> _Problem_
Would you please restate every record exactly as written?

Segment Start: Records supplied

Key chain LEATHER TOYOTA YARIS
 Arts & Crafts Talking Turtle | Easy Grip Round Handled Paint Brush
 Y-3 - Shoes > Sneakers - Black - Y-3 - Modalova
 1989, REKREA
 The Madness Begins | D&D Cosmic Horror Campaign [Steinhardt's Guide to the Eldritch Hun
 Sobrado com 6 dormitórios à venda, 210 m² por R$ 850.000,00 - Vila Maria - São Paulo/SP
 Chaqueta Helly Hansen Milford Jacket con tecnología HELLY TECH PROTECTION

Segment End: Records supplied

> _Answer to this task_
Key chain LEATHER TOYOTA YARIS
 Arts & Crafts Talking Turtle | Easy Grip Round Handled Paint Brush
 Y-3 - Shoes > Sneakers - Black - Y-3 - Modalova
 1989, REKREA
 The Madness Begins | D&D Cosmic Horror Campaign [Steinhardt's Guide to the Eldritch Hun
 Sobrado com 6 dormitórios à venda, 210 m² por R$ 850.000,00 - Vila Maria - São Paulo/SP
 Chaqueta Helly Hansen Milford Jacket con tecnología HELLY TECH PROTECTION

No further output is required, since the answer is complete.